7. The Great Barrier Reef is 500,000 years old
At an age of 500,000 years, the Great Barrier Reef may be too old but it’s relatively young given that coral reefs have existed for more than 500 million years. The GBR started forming just half a million years ago when temperatures in the sea started warming up, allowing the corals to grow and breed. It has evolved since then, with the newer corals only having formed 6,000 to 8,000 years ago after the last ice age.
8. A third of the planet’s coral is here
More than 600 coral species, both hard and soft, exist in the Great Barrier Reef Marine Park. Corals come in all sizes, shapes, and colors building up the 1,400-mile length of the reef. It’s a remarkable feat of Mother Nature, serving an important habitat to all the marine life that depends on it. Thus, also making it a crucial part of the global ecosystem and economy.
9. It’s a UNESCO World Heritage Site
In 1981, the Great Barrier Reef was inscribed as a UNESCO World Heritage site, given its ‘outstanding universal value.’ Four years later, it was listed as one of 7 Natural Wonders of the World along with other exceptional master strokes of Mother Earth like Mouth Everest, Grand Canyon, and Victoria Falls to name a few. Thus, proving the Great Barrier Reef’s outstanding natural attributes and immense global, scientific, and environmental importance.

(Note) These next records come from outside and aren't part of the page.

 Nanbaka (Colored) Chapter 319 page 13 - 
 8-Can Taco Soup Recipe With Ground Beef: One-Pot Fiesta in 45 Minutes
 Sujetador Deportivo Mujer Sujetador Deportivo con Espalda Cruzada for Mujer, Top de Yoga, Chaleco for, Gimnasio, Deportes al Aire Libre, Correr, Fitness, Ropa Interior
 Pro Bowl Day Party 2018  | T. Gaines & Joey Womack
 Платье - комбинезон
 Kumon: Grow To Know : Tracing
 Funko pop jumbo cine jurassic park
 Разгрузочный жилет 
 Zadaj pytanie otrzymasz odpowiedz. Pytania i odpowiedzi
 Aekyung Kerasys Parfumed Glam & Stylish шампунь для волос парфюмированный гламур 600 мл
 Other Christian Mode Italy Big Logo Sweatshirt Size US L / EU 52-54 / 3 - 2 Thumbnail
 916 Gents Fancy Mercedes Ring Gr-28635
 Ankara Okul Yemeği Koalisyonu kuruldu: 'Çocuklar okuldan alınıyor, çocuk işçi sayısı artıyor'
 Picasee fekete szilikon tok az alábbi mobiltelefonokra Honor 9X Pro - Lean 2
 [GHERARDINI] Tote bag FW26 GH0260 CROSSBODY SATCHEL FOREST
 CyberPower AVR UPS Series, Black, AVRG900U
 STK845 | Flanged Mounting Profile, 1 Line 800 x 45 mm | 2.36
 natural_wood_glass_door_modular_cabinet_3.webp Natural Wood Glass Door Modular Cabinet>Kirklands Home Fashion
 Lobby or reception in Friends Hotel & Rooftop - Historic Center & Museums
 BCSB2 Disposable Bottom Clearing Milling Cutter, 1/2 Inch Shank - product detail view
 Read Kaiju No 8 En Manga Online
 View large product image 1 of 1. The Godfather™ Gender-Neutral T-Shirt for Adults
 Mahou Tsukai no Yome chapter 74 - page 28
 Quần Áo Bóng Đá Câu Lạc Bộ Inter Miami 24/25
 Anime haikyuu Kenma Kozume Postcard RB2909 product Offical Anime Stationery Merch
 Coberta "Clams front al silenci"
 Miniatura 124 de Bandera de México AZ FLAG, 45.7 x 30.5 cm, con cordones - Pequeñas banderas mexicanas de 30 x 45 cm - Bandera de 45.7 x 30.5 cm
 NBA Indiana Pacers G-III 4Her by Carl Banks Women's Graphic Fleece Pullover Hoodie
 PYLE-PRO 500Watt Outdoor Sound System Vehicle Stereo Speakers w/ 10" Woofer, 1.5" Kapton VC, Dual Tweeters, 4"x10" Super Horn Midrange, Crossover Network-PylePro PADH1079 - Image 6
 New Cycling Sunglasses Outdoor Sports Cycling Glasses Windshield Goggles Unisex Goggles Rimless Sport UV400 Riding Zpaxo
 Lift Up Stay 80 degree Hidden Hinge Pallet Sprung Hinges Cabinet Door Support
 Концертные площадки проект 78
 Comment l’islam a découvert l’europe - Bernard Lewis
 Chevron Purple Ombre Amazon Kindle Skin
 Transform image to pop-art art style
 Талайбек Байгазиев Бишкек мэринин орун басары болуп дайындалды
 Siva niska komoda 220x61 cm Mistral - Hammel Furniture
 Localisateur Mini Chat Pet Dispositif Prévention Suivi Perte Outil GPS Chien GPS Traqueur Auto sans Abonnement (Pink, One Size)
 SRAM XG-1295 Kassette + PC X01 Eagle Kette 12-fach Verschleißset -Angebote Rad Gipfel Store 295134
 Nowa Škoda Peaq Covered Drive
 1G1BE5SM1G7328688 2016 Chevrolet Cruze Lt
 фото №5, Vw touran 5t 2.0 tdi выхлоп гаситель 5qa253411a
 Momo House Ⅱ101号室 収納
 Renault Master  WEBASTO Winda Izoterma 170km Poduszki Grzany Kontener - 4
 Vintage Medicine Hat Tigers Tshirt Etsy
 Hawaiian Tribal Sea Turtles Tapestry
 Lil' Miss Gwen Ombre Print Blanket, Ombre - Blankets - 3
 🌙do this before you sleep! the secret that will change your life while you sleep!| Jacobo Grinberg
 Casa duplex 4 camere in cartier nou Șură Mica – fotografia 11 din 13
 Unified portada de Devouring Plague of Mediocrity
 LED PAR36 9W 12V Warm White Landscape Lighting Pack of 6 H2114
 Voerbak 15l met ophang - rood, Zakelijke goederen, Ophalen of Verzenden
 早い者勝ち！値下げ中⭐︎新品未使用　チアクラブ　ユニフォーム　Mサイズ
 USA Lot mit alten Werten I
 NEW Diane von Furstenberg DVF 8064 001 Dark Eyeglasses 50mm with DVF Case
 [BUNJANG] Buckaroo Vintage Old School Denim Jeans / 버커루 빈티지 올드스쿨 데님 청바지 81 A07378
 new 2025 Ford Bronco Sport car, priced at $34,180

10. It meets another UNESCO World Heritage Site
In 1988, the Wet Tropics of Queensland was also designated as a UNESCO World Heritage site. It covers 894,420 hectares made up of mostly tropical rainforests. Part of which is the Daintree Forest, the oldest rainforest in the world. Teeming with life, the Wet Tropics is home to prehistoric vegetation and some of the elusive creatures on the planet. What’s even remarkable is that the reef fringes the Wet Tropics’ coastline, making it the only place on Earth where two heritage sites meet.
11. A living fossil lives here
Along with the coral structures, a prehistoric creature is living in the Great Barrier Reef. The nautilus, the alien-like distant relative of the squid can be found in its water. This primitive shell-dwelling invertebrate has remained relatively unaltered for the past 500 million years. Nautiluses are only the last remaining members of the Nautiloidea subclass. Other astonishing prehistoric animals in the GRB include ancient sharks and crustaceans.
12. Corals spawn once annually
One of the most fascinating natural phenomena that happen in the Great Barrier Reef is the annual spawning of corals. Each year, when the conditions are ideal, usually after a full moon, the entire coral colony releases billions of eggs and sperm into the ocean at the same time. The cloud-like fumes resemble that of a snowstorm and happen for a few days. The synchronized spawning is crucial for the growth and repair of the entire reef. It’s a wildly stunning sight and can be an unforgettable experience for those who are able to witness it.
Sadly, various threats including climate change, rising water temperatures, pollution, coastal development, and fishing endanger the Great Barrier Reef and all life that depends on it. What’s great is that the Australian Government and many conservationists are on top of this and are taking strict measures to save this natural wonder. Tourism is a big help, too, as it generates $5-6 billion in revenue annually and is used to protect the reef and help it survive in more generations to come.